# NICE! Spring IS coming!!



## bikesnbuses (Jan 30, 2020)

Sunkyong Cycle Mower - bicycles - by owner - bike sale
					

1985 Sunkyong Cycle Mower. Very rare collectors item. Only 50 ever produced. Everything on the...



					providence.craigslist.org
				



*Sunkyong Cycle Mower - $1000*
1985 Sunkyong Cycle Mower. Very rare collectors item. Only 50 ever produced. Everything on the bike is in perfect working order including the mower. The blade is sharp will cut grass. Serious inquires only. If add is still up item is still available.

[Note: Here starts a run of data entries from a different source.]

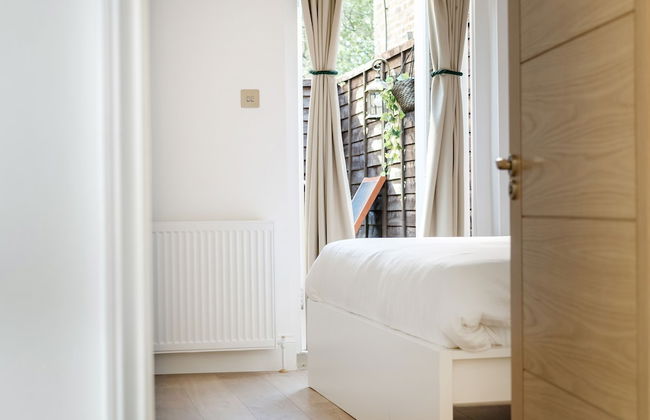 Luxury Apartment in Central London - Photo 6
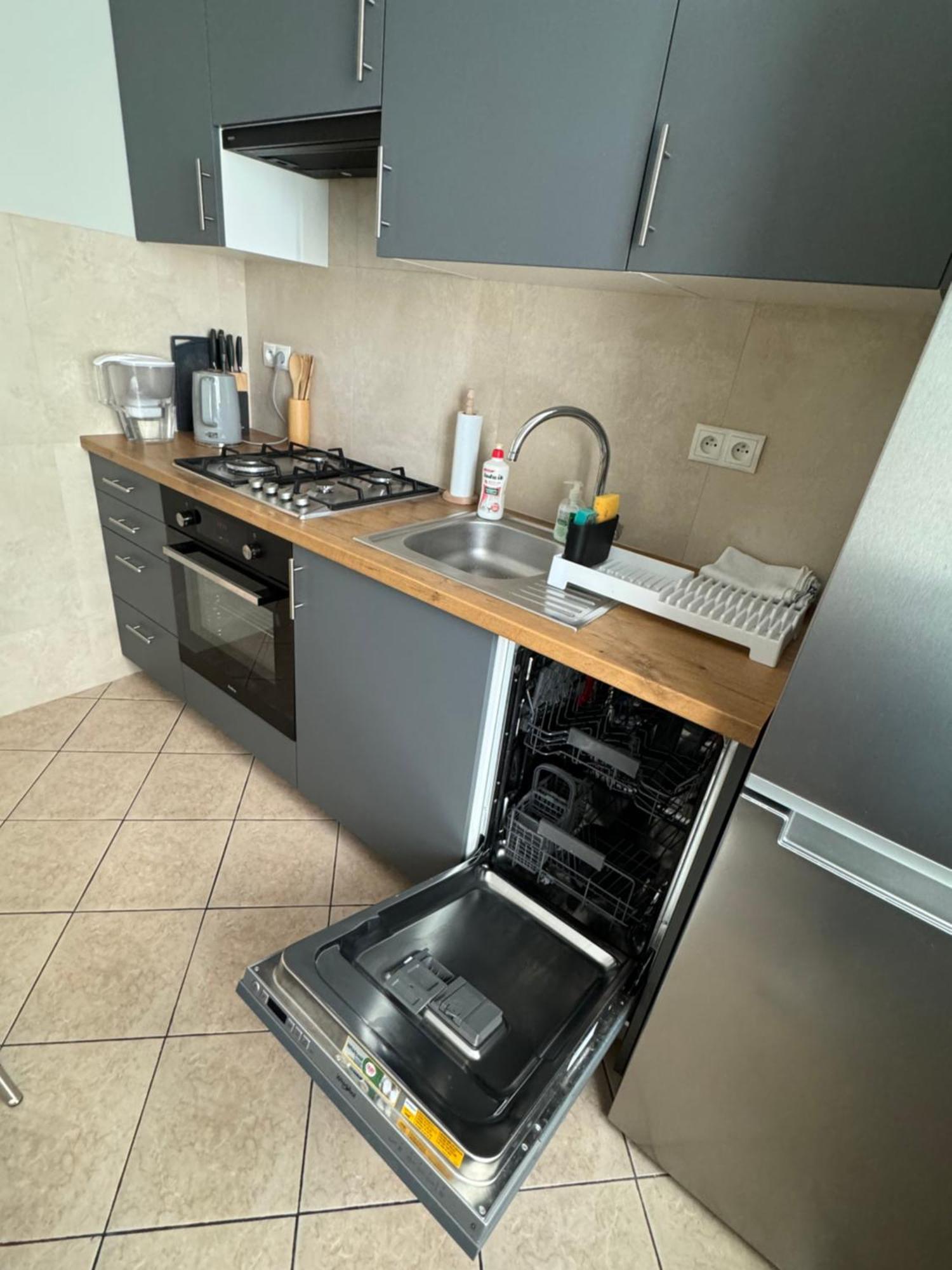 Wygodny Apartament Dla Rodziny 3-5 Osobowej Daire Varşova Dış mekan fotoğraf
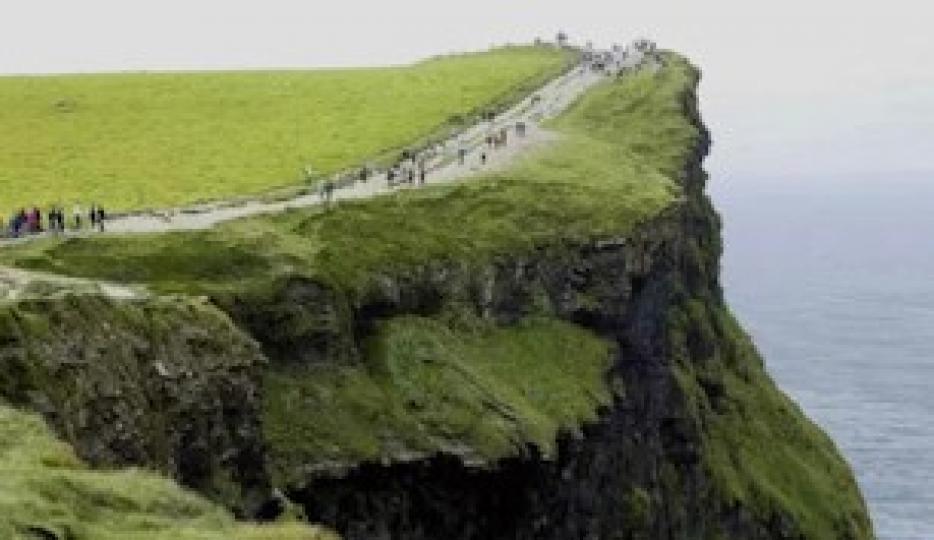 懸崖
愛爾蘭的莫赫懸崖，是歐洲落差最大的海岸懸崖，200米下吞吐着泡沫的海洋漩渦的威力通過岩石讓懸崖上面的人為之顫抖，可以拍攝到世界上最莊嚴的日落光輝。奇幻的景觀也讓莫赫懸崖成為很多電影的取景地。...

Call or text anytime.


----------



## 49autocycledeluxe (Jan 30, 2020)

if I had a small lawn i'd give 50 bucks for that bike... maybe a hundred if it worked real well.


----------



## bikesnbuses (Jan 30, 2020)

@fordmike65 ...How about now??


----------



## bricycle (Jan 30, 2020)

that would kill my neighbors if they saw me using that.... from laughing too hard.


----------



## catfish (Jan 30, 2020)

Cool!


----------



## Frank and Pam Skid Kings (Jan 30, 2020)

Replace the blade with brushes and could be lead bike on a ride, clearing the way !


----------



## BFGforme (Jan 30, 2020)

That is pretty rad! Put a wizzer motor on it....


----------